Perth Archbishop Timothy Costelloe SDB celebrated the Cultural Diversity Mass on 26 October at St Marys Cathedral. Photo: Ron Tan.
The Perth Archbishop went on to state the Pharisee in St Luke’s Gospel had “no sense at all of his need of God”, adding that while the Pharisee’s prayer may first seem like a prayer of gratitude, what he really is doing, is “congratulating himself on how good and generous he thinks he is”.
“The tax collector standing at the back of the temple however, is the very opposite. He is very honest, full of shame and contrition, deeply aware of his failings and of his need for God’s mercy.
“And of course at the end of the parable, Jesus insists that it is not the Pharisee not the tax collector who went home with God. Because the tax collector understood who he really was and who God really was.

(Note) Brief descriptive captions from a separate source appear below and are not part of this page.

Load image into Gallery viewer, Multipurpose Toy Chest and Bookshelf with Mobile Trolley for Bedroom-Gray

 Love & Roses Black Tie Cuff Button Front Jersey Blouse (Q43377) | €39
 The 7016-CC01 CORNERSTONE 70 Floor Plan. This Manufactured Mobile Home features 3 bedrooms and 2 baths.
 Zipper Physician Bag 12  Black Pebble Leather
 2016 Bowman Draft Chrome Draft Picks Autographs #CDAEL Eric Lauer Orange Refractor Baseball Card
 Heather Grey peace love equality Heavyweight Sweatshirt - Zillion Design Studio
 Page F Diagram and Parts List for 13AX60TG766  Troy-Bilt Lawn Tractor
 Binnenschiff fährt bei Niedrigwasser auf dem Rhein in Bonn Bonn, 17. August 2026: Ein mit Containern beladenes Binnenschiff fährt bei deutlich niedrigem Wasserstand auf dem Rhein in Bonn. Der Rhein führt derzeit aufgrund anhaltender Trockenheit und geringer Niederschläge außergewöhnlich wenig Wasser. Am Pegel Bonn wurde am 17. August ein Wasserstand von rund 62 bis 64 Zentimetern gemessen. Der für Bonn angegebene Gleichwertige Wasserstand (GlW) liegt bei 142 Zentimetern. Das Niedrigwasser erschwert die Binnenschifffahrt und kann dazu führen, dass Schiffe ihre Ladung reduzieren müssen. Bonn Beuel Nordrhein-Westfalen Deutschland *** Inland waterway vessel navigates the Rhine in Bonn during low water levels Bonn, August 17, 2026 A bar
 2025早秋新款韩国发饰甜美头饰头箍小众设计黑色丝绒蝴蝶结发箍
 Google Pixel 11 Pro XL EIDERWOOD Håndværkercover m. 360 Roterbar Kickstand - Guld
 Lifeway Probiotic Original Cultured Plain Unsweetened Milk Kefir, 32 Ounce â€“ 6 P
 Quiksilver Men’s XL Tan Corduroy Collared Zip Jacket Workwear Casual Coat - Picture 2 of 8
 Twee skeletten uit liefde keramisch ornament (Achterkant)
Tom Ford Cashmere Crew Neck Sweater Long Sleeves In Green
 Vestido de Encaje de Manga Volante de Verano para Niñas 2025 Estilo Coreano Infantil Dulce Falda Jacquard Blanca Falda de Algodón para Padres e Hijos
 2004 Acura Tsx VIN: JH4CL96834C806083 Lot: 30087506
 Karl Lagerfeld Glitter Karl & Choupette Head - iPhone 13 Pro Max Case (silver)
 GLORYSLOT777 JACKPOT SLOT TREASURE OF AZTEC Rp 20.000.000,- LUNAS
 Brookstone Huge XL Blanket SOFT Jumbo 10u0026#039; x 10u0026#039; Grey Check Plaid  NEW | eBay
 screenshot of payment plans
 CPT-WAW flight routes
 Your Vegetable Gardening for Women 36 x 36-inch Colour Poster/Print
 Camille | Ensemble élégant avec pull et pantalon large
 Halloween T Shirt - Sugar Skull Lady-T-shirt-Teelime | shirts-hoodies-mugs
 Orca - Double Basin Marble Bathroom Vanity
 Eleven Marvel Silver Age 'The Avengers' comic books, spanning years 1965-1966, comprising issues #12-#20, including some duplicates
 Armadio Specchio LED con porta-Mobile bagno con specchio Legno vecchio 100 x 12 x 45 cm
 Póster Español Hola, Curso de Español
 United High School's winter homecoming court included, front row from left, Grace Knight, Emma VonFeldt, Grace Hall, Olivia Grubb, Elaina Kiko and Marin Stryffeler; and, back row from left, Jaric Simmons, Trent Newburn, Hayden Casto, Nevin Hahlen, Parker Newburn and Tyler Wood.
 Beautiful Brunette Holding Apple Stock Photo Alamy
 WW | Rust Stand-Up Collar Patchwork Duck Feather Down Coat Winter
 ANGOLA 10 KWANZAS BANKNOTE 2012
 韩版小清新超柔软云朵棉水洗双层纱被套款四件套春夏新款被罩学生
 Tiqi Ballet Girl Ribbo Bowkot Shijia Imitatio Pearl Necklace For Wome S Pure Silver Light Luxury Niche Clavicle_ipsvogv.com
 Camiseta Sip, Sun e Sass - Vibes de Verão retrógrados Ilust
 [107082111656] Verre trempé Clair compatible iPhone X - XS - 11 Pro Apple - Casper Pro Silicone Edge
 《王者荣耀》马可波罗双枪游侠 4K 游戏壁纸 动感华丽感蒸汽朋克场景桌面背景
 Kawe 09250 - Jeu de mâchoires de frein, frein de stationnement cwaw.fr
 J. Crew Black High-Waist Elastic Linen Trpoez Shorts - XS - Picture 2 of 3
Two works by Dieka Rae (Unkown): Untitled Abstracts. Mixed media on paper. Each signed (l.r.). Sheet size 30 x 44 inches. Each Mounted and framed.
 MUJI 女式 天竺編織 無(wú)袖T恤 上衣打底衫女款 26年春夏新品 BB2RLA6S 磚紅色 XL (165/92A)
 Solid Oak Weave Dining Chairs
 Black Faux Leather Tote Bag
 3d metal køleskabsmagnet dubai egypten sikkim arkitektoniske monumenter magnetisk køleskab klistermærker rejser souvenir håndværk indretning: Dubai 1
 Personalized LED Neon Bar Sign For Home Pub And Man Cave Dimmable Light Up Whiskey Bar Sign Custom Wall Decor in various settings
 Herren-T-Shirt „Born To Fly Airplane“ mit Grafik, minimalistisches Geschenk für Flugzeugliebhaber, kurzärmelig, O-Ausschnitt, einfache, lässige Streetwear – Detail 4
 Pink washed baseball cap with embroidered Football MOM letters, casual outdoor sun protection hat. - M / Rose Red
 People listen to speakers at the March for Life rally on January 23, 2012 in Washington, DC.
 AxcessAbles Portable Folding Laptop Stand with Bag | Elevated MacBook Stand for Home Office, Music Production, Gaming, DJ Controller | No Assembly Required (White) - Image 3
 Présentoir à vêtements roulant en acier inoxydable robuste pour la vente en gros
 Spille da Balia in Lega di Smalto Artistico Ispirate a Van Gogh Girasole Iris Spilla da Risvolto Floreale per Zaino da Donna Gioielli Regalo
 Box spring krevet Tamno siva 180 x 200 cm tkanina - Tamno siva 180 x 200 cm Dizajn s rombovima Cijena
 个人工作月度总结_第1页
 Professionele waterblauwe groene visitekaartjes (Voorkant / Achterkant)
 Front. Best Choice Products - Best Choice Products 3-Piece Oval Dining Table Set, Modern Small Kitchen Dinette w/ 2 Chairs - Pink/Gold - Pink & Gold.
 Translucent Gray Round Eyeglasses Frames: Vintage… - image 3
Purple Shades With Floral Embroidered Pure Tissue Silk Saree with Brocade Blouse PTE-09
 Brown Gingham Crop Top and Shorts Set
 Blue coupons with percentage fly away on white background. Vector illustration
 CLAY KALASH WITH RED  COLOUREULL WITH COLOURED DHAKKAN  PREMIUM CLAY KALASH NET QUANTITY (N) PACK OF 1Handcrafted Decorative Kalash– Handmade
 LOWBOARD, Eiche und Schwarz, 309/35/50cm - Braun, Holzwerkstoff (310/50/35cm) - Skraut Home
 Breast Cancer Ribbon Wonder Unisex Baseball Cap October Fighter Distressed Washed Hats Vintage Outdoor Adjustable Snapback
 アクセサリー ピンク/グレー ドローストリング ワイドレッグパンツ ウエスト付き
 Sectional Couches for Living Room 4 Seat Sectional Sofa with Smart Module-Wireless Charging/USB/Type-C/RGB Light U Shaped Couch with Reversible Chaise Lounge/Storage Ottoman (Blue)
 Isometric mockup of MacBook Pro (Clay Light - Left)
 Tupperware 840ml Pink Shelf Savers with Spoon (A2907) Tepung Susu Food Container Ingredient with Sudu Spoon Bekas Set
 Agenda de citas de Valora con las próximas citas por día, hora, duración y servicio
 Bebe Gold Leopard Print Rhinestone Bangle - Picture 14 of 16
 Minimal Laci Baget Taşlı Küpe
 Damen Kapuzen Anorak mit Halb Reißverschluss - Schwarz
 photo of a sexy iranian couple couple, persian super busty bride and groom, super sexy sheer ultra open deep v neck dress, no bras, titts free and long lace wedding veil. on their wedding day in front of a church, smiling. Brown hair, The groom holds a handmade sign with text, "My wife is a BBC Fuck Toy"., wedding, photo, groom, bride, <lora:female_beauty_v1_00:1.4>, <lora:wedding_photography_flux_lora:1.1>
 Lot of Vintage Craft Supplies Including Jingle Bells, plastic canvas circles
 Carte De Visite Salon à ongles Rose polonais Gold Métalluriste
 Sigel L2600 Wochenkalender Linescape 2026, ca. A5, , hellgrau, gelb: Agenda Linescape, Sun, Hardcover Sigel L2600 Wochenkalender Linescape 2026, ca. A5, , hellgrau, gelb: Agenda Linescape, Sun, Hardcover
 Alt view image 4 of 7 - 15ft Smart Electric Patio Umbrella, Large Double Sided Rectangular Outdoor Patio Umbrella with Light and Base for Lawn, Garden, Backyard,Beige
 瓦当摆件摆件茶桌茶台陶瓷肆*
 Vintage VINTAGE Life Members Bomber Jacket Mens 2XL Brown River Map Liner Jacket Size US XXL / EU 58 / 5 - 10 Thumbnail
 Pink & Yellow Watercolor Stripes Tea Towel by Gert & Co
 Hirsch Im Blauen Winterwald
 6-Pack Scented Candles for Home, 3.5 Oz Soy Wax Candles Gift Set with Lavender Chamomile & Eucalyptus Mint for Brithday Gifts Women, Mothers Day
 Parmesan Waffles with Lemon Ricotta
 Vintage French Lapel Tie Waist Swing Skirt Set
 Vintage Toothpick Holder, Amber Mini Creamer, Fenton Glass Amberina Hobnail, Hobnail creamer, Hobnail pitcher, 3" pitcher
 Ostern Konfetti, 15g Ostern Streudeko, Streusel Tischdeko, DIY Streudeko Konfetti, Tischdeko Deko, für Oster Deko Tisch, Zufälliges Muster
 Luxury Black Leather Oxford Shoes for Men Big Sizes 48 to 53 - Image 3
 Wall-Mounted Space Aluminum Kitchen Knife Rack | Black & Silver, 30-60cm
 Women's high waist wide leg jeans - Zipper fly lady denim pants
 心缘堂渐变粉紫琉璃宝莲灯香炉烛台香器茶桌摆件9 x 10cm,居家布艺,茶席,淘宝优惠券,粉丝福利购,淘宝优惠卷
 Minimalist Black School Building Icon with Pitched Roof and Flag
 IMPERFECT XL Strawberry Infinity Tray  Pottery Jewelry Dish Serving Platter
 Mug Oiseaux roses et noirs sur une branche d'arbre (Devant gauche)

This is the real purpose of our prayer,” he explained.
“Rather than being a way of getting what we want from God, prayer is a way of becoming who we are really meant to be.”
The congregation dressed in their traditional wear at the Cultural Diversity Mass on 26 October at St Marys Cathedral. Photo: Ron Tan.
Archbishop Costelloe concluded by urging the faithful to always be opened to grow in their understanding of God and need for Him.
“If we can grow in our understanding of God, and of our need for God, have a deep sense of our need for God, we will discover perhaps that the things that we thought we so desperately needed or wanted are not so important after all,” Archbishop Costelloe affirmed.
“We will learn to live lives of trust and peace, because our hope will be in God, rather than in ourselves. Then we will be at rights with God – and when you’re at rights with God, we will be at peace with ourselves and at peace with others.”
WACMRO Director Deacon Gregory Lowe urged the Catholic community to embrace and dialogue on the topic of cultural differences, rather than fear it at the Cultural Diversity Mass on 26 October at St Marys Cathedral. Photo: Ron Tan.
At the conclusion of Mass, West Australian Catholic Migrant and Refugee Office (WACMRO) Director Dcn Gregory Lowe read the WACMRO Church statement for the year. He began by explaining what cultural diversity means in the context of our Church today.
“Cultural diversity means difference but difference is something to be encountered and dialogued with rather than feared,” Dcn Lowe stated.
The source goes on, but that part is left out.